A note about a thing you don’t need to worry about and a technology you don’t need to use.
I recently stumbled upon an article in Axios about how the $15 minimum wage is unpopular with swing voters. It suggested that President Biden might abandon including the proposal in stimulus because it would face too much resistance, and that swing voters’ response in research Axios commissioned might explain why.
Now, as I’m reading this, it’s just one sentence at a time, so I’m surprised to see the name Schlesinger — we use them frequently for qualitative research recruiting, and I suppose I was expecting a polling firm, like Ipsos or Quinnipiac or something — but the research was, indeed, focus groups “on governance in the Biden era”. The groups were conducted on February 9. Which means the Biden era was about 19 days old.
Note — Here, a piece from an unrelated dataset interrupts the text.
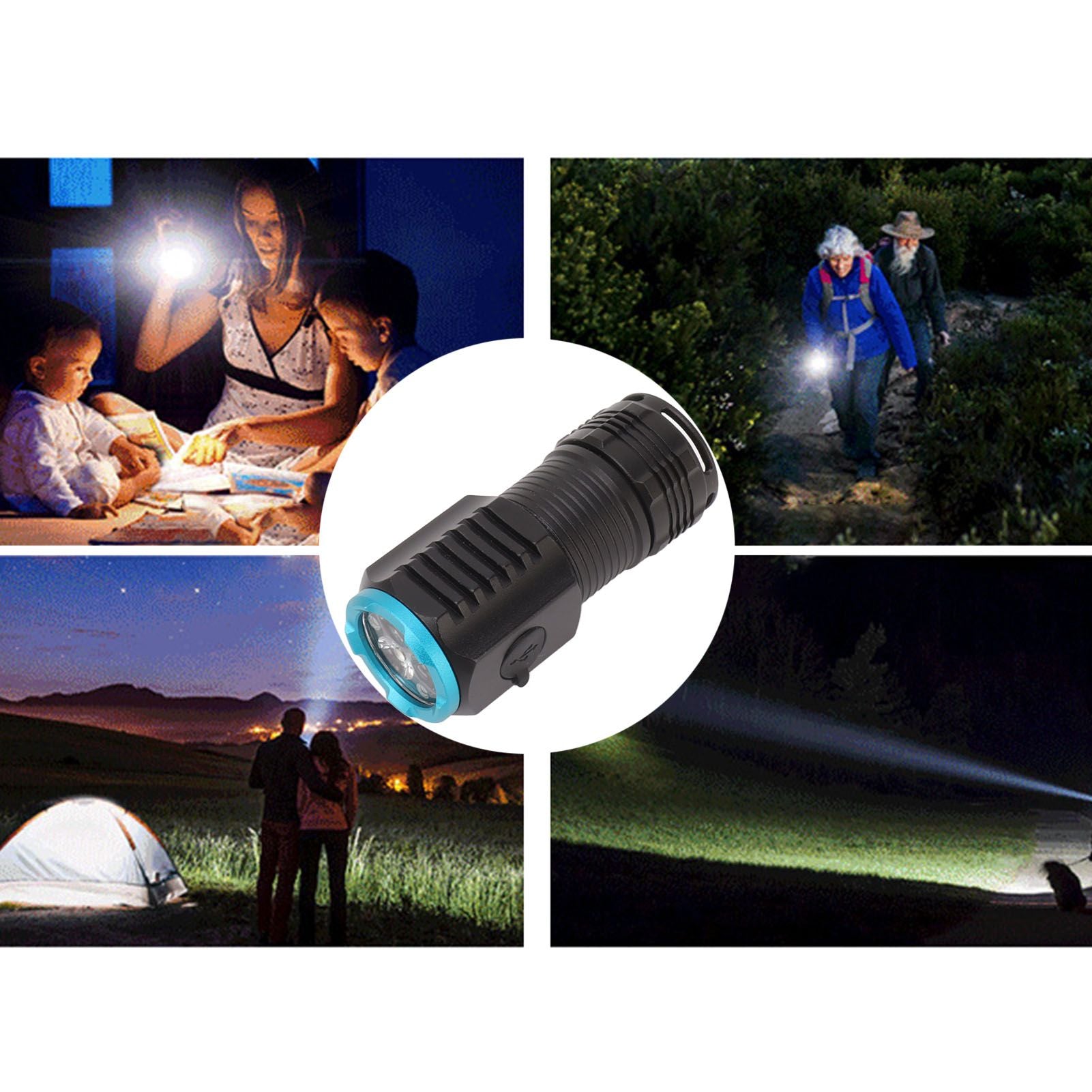 Mini Powerful Flashlight High Luminous Flux 2000lm Bright USB C Rechargeable LED 6 Modes IPX4 Waterproof Tail Magnet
Seven people comprised each group. There were two groups in total. The article used these phrases:
- “A striking 13 out of 14 participants…”
- “Only five members of the group…”
And here I begin to scream silently at the screen. But because anger gives my life meaning, I clicked on the link to the study itself. Here I discover that the participants are asked a series of “discrete questions” using Perception Analyzer, that is, dial testing tools. The purpose? To “eliminate groupthink”. I spiral into despair.
The concern about groupthink when it comes to focus groups is ever present. I am frequently asked what new tips and tricks and tools we have to avoid groupthink (my response: “Nope, we still pretty much just talk to people”).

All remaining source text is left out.